After the publishing the first part of the story, Bradley returned to conduct a follow-up, weeks later.
“This kid had gone AWOL. He was gone, nobody could find him. And when I pressed the people who were helping me, … they didn’t tell me … about half of that unit had deserted,” he says. “[The South Vietnamese] didn’t want to fight this war either.”
Based upon his follow-up inquiry, Bradley’s superiors didn’t run the story’s second half.
Bradley’s flight back to Philadelphia came in November of 1971. He returned, unwounded, but carrying the weight of Vietnam’s stories. His burden was one of words.

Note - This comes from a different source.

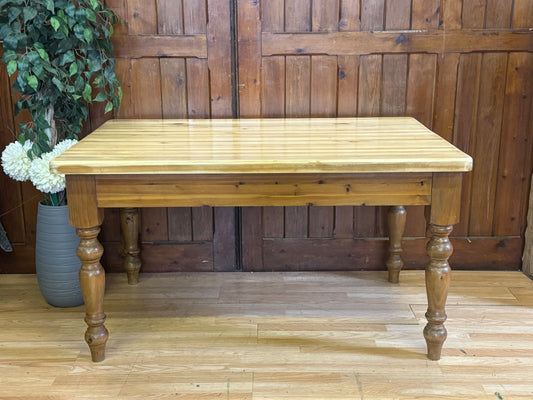 Rustic Old Pine Shop Kitchen Table \ Chunky Farmhouse Dining Table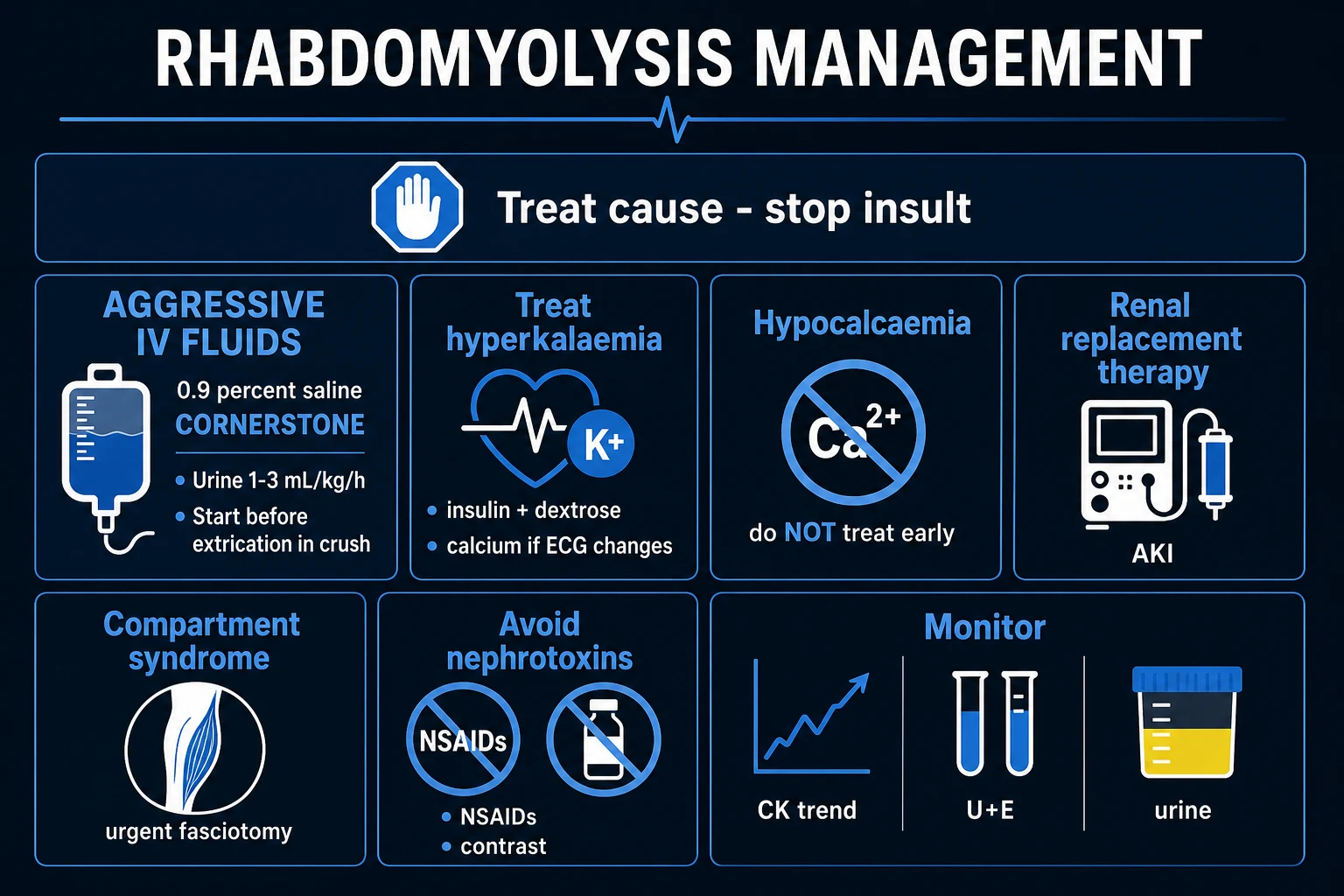 Clean management infographic: fluids cornerstone, treat hyperkalaemia, treat the cause, fasciotomy for compartment syndrome, RRT for AKI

“I didn’t have to think about having killed somebody. I didn’t have to think about somebody being killed because I didn’t do something,” he says. “Well, I didn’t tell the truth. And I was part of something that I probably didn’t want to be a part of. I’ve learned to live with that.”
Bradley wants his work to convey the stories of the soldiers who served from the back of the Army lines. These veterans served in a different, but no less significant war front.
“We know about the blood and guts. We know the heroes and the not-so heroic. But the majority of guys who served in Vietnam were in jobs like mine,” he says. “They were in the rear. They weren’t out in the field, they weren’t combat soldiers.
“There were almost 3 million of us.”
To celebrate the completion of 40 years of writing “DEROS Vietnam,” Doug Bradley will be hosting a cake reception starting at 5 p.m. Wednesday, Nov. 7, at A Room of One’s Own Bookstore (315 W. Gorham St., formerly Avol’s Bookstore). In conjunction with the Wisconsin Book Festival, Vietnamese author Lan Cao, will join him to read from her book, “Monkey Bridge,” at 5:30 p.m.